> [The task] Each line of data below is to be returned exactly, leaving out any picture.

> [Data section]
────────
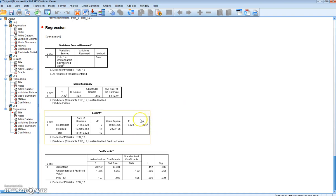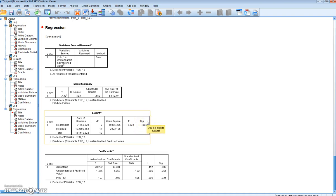Again we have a null hypothesis of homoscedastic error terms against an alternative of heteroscedastic error terms. We reject the null hypothesis of homoscedasticity using White's test and conclude that heteroscedasticity is present in our model. White's test has supported our Breusch-Pagan test, and both have supported our scatter plot originally.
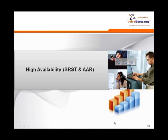Welcome to Voice Bootcamp. Hello, my name is Faisal Khan, CCI Voice Instructor at voicebootcamp.com. In this lecture, I'm going to be discussing the high availability of CCI Voice Lab in SRST and AAR functionalities.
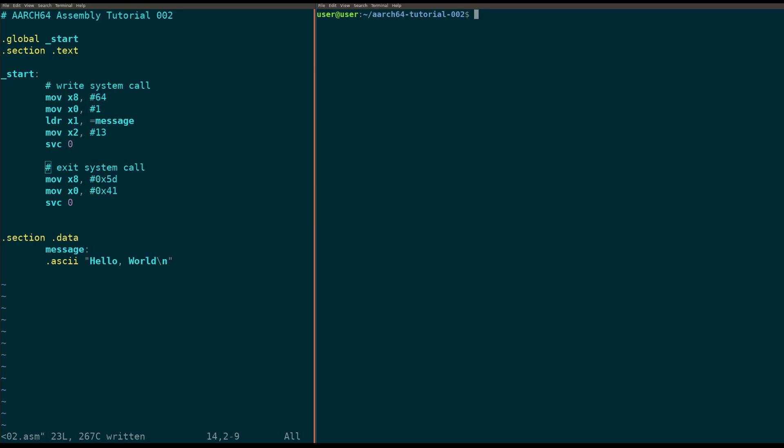Hey, what is up guys? Welcome back to another low-level learning tutorial. In today's tutorial, by popular demand, we're going to be talking about ARM 64-bit loops and subroutines, or more popularly called function calls.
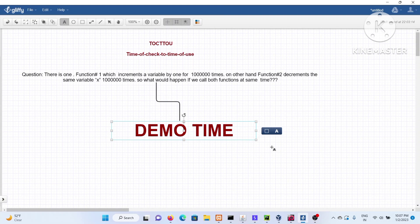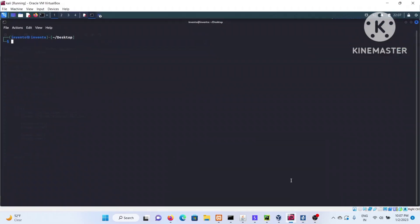Today's topic is Time of Check to Time of Use (TOCTOU). Whenever a particular function tries to access a shared variable — suppose two processes try to access the same variable — what happens if there is no lock in place? Most of you may be wondering what a lock is, so let's run a program to clear that up.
────────
> [Exercise result]
Again we have a null hypothesis of homoscedastic error terms against an alternative of heteroscedastic error terms. We reject the null hypothesis of homoscedasticity using White's test and conclude that heteroscedasticity is present in our model. White's test has supported our Breusch-Pagan test, and both have supported our scatter plot originally.
Welcome to Voice Bootcamp. Hello, my name is Faisal Khan, CCI Voice Instructor at voicebootcamp.com. In this lecture, I'm going to be discussing the high availability of CCI Voice Lab in SRST and AAR functionalities.
Hey, what is up guys? Welcome back to another low-level learning tutorial. In today's tutorial, by popular demand, we're going to be talking about ARM 64-bit loops and subroutines, or more popularly called function calls.
Today's topic is Time of Check to Time of Use (TOCTOU). Whenever a particular function tries to access a shared variable — suppose two processes try to access the same variable — what happens if there is no lock in place? Most of you may be wondering what a lock is, so let's run a program to clear that up.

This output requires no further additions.